I was invited by the University of Wisconsin Arboretum to exhibit a one person show in the Steinhauer Trust Gallery in 2003. Here was a golden opportunity to take myself on an autumn walk that would not make me sick. Twenty four artworks reminded me of the many years of living next to the Arb – the bike rides, the tour groups, walks with friends, the colors. I could even remember the fragrances and the windy days and the colors. I remembered what a relief it was to walk freely in autumn without insect repellent, and the colors. I thought about autumn and how I was in the autumn of my life
“My Inner Child Resists this Fact of Life:
and how easy it had been to say good-bye to summer when it’s autumn.

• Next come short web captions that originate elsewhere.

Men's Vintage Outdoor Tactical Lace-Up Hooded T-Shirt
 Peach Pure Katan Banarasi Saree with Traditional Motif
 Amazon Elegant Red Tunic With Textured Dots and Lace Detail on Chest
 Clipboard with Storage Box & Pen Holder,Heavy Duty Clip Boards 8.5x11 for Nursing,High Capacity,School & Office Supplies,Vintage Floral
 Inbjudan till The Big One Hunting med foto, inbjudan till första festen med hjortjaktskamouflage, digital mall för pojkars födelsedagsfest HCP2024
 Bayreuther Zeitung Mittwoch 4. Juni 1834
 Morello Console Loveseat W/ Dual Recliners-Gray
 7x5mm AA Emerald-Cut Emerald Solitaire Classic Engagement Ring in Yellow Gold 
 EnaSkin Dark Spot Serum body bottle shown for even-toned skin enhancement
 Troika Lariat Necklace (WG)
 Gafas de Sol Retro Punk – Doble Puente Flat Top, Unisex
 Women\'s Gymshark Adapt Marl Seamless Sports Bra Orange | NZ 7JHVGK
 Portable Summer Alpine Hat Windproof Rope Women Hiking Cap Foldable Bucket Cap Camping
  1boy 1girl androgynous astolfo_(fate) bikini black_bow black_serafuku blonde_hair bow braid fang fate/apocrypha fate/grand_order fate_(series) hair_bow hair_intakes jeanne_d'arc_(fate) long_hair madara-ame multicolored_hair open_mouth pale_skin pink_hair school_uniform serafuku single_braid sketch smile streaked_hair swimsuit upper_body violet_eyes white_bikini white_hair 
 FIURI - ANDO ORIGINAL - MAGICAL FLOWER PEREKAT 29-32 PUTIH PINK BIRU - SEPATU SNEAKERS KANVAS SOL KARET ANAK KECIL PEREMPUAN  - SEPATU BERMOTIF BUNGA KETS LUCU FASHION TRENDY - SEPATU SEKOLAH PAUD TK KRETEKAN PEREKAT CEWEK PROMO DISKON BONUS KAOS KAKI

I was also missing painting large, so I decided to paint this show large. I discarded old, ugly looking canvases from stretchers and stretched soaking wet sheets of watercolor paper that had been cut off of large rolls. I emptied the studio of furniture and laid the “canvases” out across the floor with narrow pathways between.
Some of the paintings were exhibited still on their stretchers. Some, I sanded off the stretchers and framed. Some never seemed to gel. I tore those in small pieces and recycled them in a free-form piece called “Letting Go/Relaxing Outward.”
The show, for me, was an experiment in presentation as it evolves from content.
I know very little about botany and was exhibiting in a location where most of the passers-by were botany experts but probably not as familiar with experimental art. I was recreationally familiar with every section of the Arboretum and loved and valued it. Often on walks, I would happen upon indications that an experiment was on-going. I or my companions would murmer to each other so as not to interfere with the experiment, “Some experiment or other!” This is the title of one of the pieces. I imagined what the botany experts would say as they carefully made their way down the corridor of art that was my show. I imagined that they would murmer to themselves a correct assessment of my show, “Some experiment or other!”